Ces héritiers de l'ancien régime resteront toutefois une force politique cruciale dans le pays grâce aux 25% de députés militaires. Mais aussi parce que le chef de l'armée a le pouvoir de nommer certains ministres clés comme celui de l'Intérieur et de la Défense.
Mais l'analyste Richard Horsey estime toutefois que pour cette période de transition, la "dame de Rangoun" devra s'attacher à "garder tout le monde à bord" et être diplomate avec les militaires.
Elle se retrouve néanmoins, pour la première fois, en position de force face à ceux qui l'ont maintenue 15 ans en résidence surveillée. Elle ne pourra pas toutefois devenir présidente en raison d'une Constitution taillée sur mesure contre elle par la junte, qui interdit à toute personne ayant des enfants étrangers de se présenter - les siens ont la nationalité britannique.

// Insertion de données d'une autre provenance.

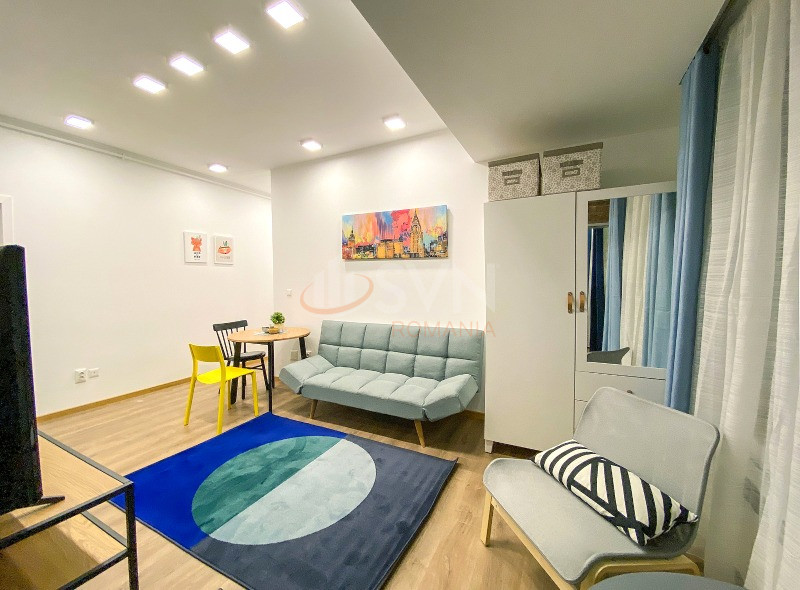 Apartament, 2 camere Bucuresti/Herastrau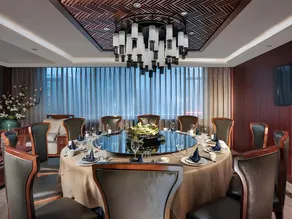 Vienna Hotel Shijiazhuang Zhengding Ancient Town - Image 3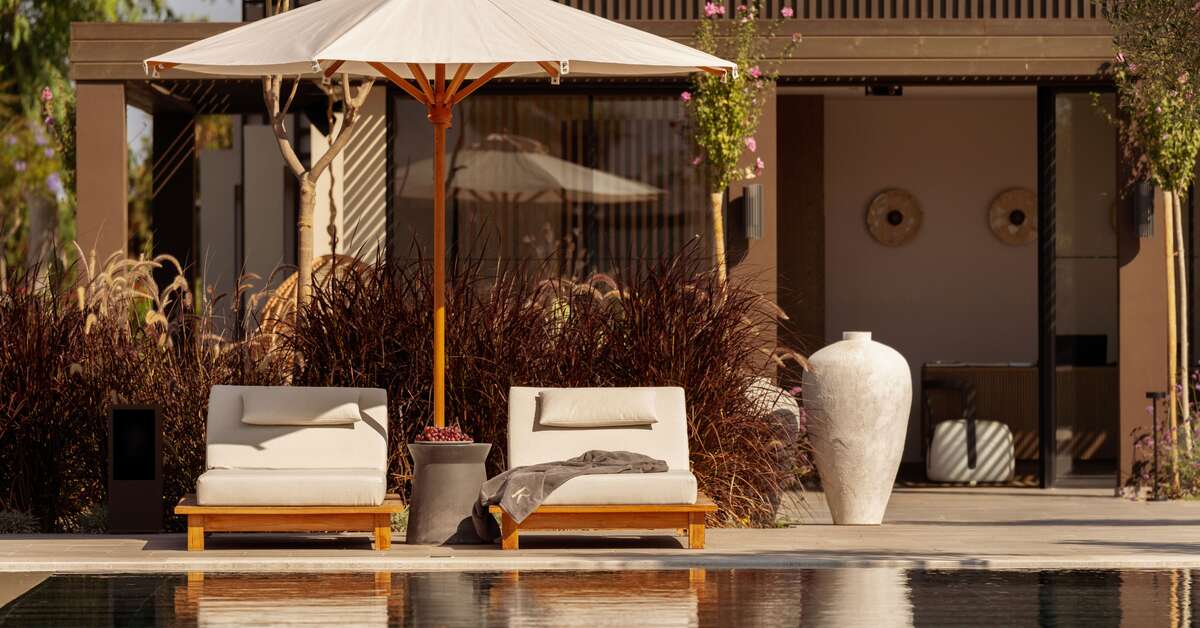 Een foto van The Ritual Hotel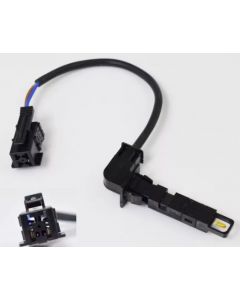 SENZOR TEMPERATURE PUTNIČKOG PROSTORA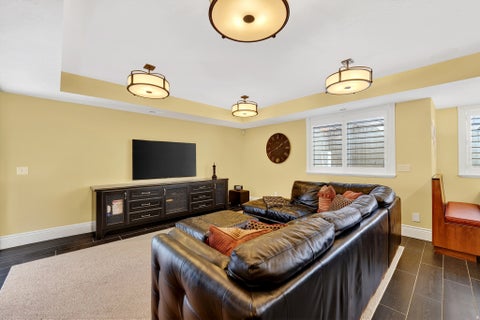 Tiny photo for 714 E DRAPER HEIGHTS WAY, Draper, UT 84020 (MLS # 2143397)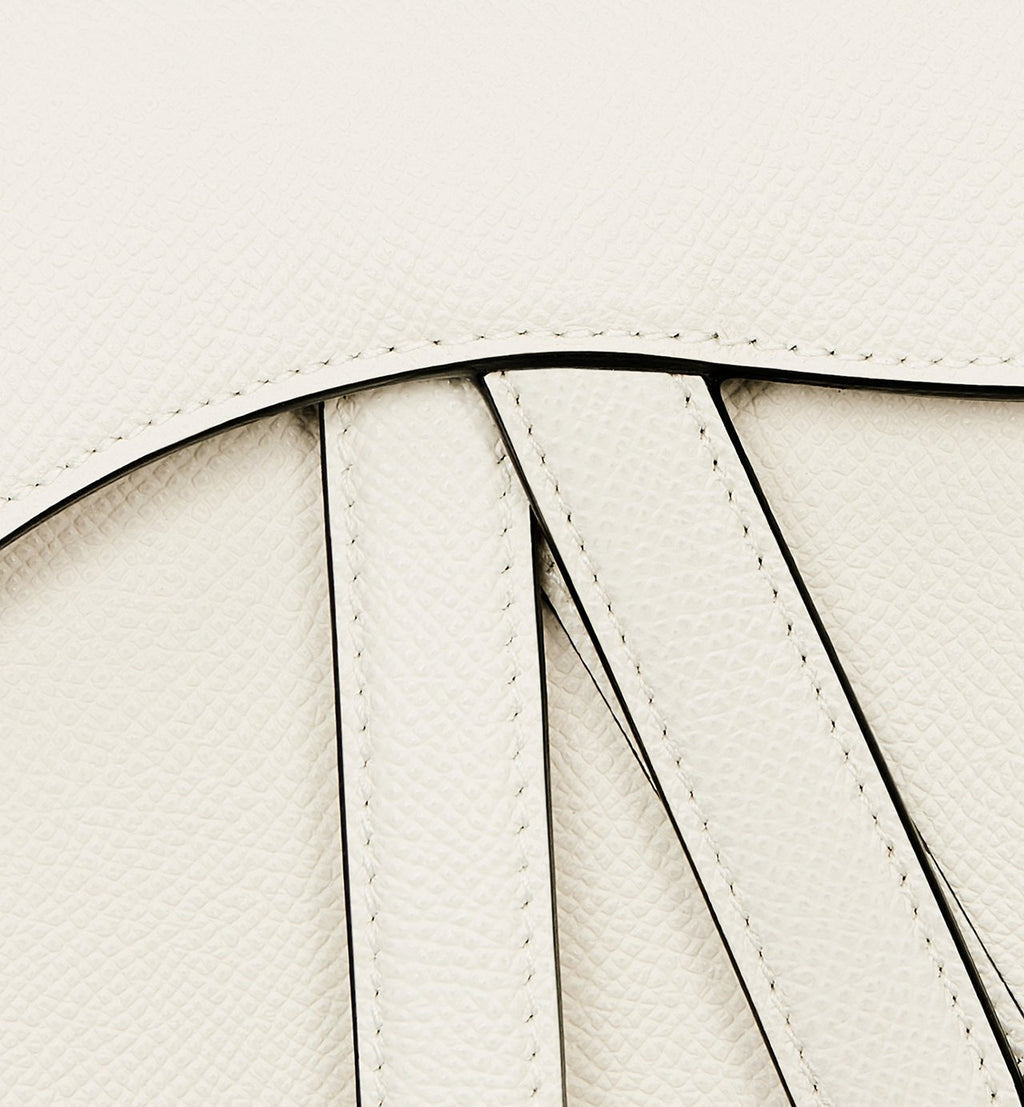 Sac Saddle Mini à bandoulière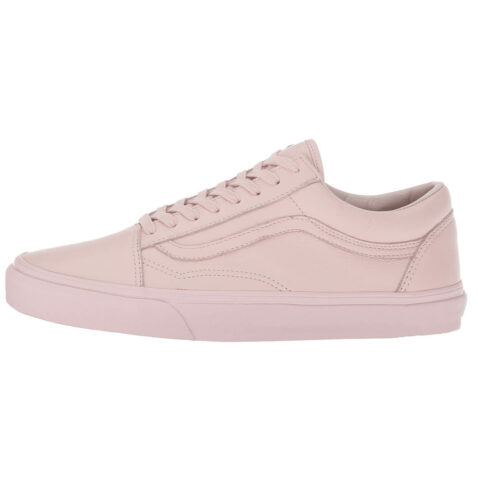 Vans Old Skool Shoe Mono Sepia Rose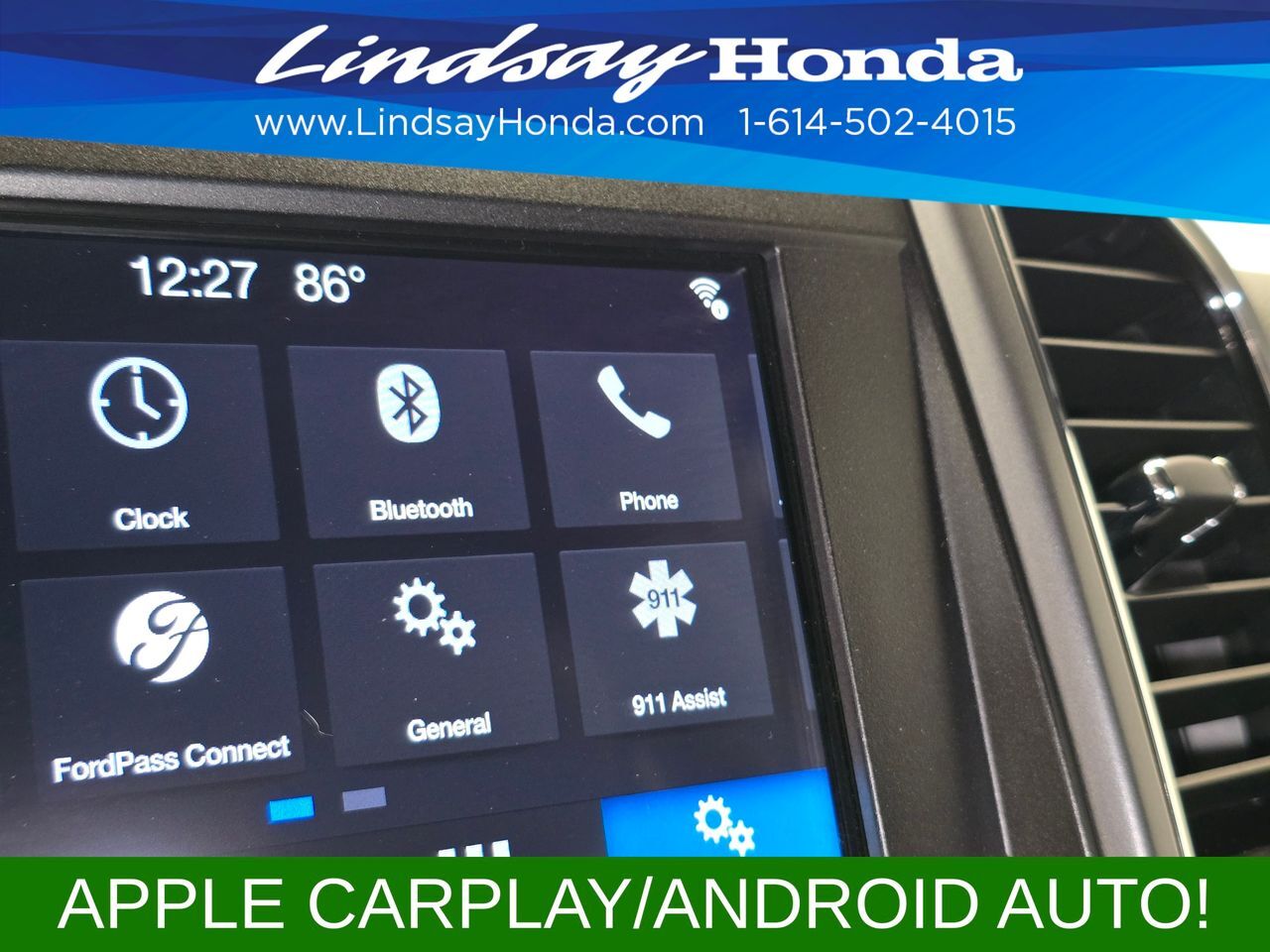 2019 Ford F-150 XLT Columbus OH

Mais elle a déjà prévenu, sans fournir de précisions, qu'elle avait "un plan" et qu'elle serait "au-dessus du président".
Aung San Suu Kyi a déjà appelé le président birman et le chef de l'armée à des discussions de réconciliation nationale. Elle se rendra lundi à Naypyidaw, la capitale administrative située à cinq heures de route de Rangoun, pour la reprise de la session du Parlement sortant, occasion de négociations en coulisses.
Jusqu'ici les ex-généraux au pouvoir depuis l'autodissolution de la junte en 2011, après des décennies de dictature militaire, ont annoncé qu'ils joueraient le jeu du passage de relais.
Même la puissante armée birmane s'est dite prête à "coopérer" et le président Thein Sein a félicité Aung San Suu Kyi pour "avoir remporté l'approbation du peuple" lors des premières élections libres depuis 25 ans.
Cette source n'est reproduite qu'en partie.